De meeste bestuurders wilden hun luiken dus best opengooien en dat was des te opmerkelijk toen ook de doelstellingen ter sprake kwamen. Een stelling luidde: "Besturen zijn moreel verplicht hun doelstellingen periodiek te herijken en aan te passen aan de veranderende wereld."

Hoewel sommigen vielen over het woord "moreel", konden vrijwel alle bestuurders zich in deze stelling goed vinden. Een deelnemer: "Veel fondsen zijn al eeuwen oud. De oorspronkelijke doelstellingen hebben vaak betrekking op een wereld die allang niet meer bestaat."

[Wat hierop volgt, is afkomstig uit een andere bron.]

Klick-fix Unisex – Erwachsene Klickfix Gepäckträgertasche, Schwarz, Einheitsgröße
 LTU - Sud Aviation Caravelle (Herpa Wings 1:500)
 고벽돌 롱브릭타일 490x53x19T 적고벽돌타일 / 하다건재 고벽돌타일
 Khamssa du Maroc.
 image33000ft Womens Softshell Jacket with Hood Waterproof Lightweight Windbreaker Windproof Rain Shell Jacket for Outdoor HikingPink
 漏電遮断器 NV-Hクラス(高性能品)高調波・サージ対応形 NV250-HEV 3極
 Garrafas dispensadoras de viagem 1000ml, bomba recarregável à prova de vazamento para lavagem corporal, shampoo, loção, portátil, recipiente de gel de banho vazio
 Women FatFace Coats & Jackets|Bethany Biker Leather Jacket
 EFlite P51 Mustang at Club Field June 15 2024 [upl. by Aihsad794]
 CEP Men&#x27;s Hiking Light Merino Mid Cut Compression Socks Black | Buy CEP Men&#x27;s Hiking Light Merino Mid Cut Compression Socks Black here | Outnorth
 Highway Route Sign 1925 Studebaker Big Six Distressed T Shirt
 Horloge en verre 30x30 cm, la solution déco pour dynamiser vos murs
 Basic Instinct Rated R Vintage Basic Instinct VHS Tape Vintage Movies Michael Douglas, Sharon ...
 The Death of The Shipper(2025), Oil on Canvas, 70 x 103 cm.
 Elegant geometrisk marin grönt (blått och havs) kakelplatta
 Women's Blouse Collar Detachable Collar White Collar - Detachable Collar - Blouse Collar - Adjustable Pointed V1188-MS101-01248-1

Maar niet iedereen wilde daaraan: "Wij doen zoals mijn oud-oom het gewild heeft. Daar ga ik echt niets aan veranderen."

 


Verbazingwekkend was het niet dat vrijwel alle aanwezigen zich een voorstander toonden van een beleggingsstatuut. Zo'n statuut is immers een goede leidraad voor zowel bestuur als stakeholders en het past goed in de gedachte dat ook gevers die een stichtingsvorm hebben, graag openheid willen geven over hun beleggingsstrategie. Die mening zal de organiserende bank als muziek in de oren geklonken hebben en het vormde een bevestiging van de eerder door directeur Claire Bramson uitgesproken gedachte: het uit handen geven van het beleggingsbeleid aan professionele dienstverleners is op dit moment een duidelijke trend. Goed nieuws dus voor de ABN AMRO's (of Barclays of Bank of Scotlands?) van deze wereld. Op deze banken rust dan natuurlijk wel de dure plicht om voortdurend hun toegevoegde waarde te bewijzen.